16     Il peccato, in senso vero e proprio, è sempre un atto della persona, perché è un atto di libertà di un singolo uomo, e non propriamente di un gruppo o di una comunità. Quest’uomo può essere condizionato, premuto, spinto da non pochi né lievi fattori esterni, come anche può essere soggetto a tendenze, tare, abitudini legate alla sua condizione personale. In non pochi casi tali fattori esterni e interni possono attenuare, in maggiore o minore misura, la sua libertà e, quindi, la sua responsabilità e colpevolezza. Ma è una verità di fede, confermata anche dalla nostra esperienza e ragione, che la persona umana è libera.
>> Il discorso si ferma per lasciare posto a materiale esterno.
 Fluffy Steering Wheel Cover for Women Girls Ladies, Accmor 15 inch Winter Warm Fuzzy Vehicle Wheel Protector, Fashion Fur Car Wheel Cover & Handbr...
Non si può ignorare questa verità, per scaricare su realtà esterne – le strutture, i sistemi, gli altri – il peccato dei singoli. Oltretutto, sarebbe questo un cancellare la dignità e la libertà della persona, che si rivelano – sia pure negativamente e disastrosamente – anche in tale responsabilità per il peccato commesso. Perciò, in ogni uomo non c’è nulla di tanto personale e intrasferibile quanto il merito della virtù o la responsabilità della colpa.

          Atto della persona, il peccato ha le sue prime e più importanti conseguenze nel peccatore stesso: cioè, nella relazione di questi con Dio, che è il fondamento stesso della vita umana; nel suo spirito, indebolendone la volontà e oscurandone l’intelligenza.
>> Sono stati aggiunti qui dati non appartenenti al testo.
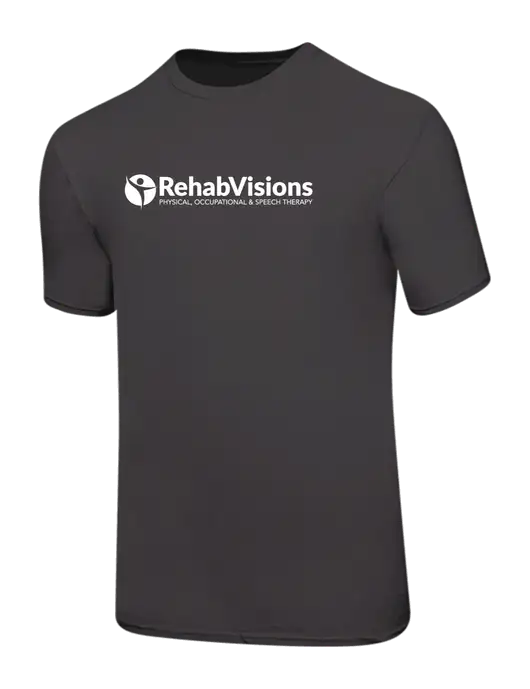 Ring Spun Charcoal 4.5 oz T-Shirt w/RehabVisions POST Logo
          A questo punto dobbiamo chiederci a quale realtà si riferivano coloro che, nella preparazione del Sinodo e nel corso dei lavori sinodali, menzionarono con non poca frequenza il peccato sociale. L’espressione e il concetto, che ad essa è sotteso, hanno invero diversi significati.

          Parlare di peccato sociale vuol dire, anzitutto, riconoscere che, in virtù di una solidarietà umana tanto misteriosa e impercettibile quanto reale e concreta, il peccato di ciascuno si ripercuote in qualche modo sugli altri. È, questa, l’altra faccia di quella solidarietà che, a livello religioso, si sviluppa nel profondo e magnifico mistero della comunione dei santi, grazie alla quale si è potuto dire che “ogni anima che si eleva, eleva il mondo”. A questa legge dell’ascesa corrisponde, purtroppo, la legge della discesa, sicché si può parlare di una comunione del peccato, per cui un’anima che si abbassa per il peccato abbassa con sé la Chiesa e, in qualche modo, il mondo intero. In altri termini, non c’è alcun peccato, anche il più intimo e segreto, il più strettamente individuale, che riguardi esclusivamente colui che lo commette. Ogni peccato si ripercuote, con maggiore o minore veemenza, con maggiore o minore danno, su tutta la compagine ecclesiale e sull’intera famiglia umana. Secondo questa prima accezione, a ciascun peccato si può attribuire indiscutibilmente il carattere di peccato sociale.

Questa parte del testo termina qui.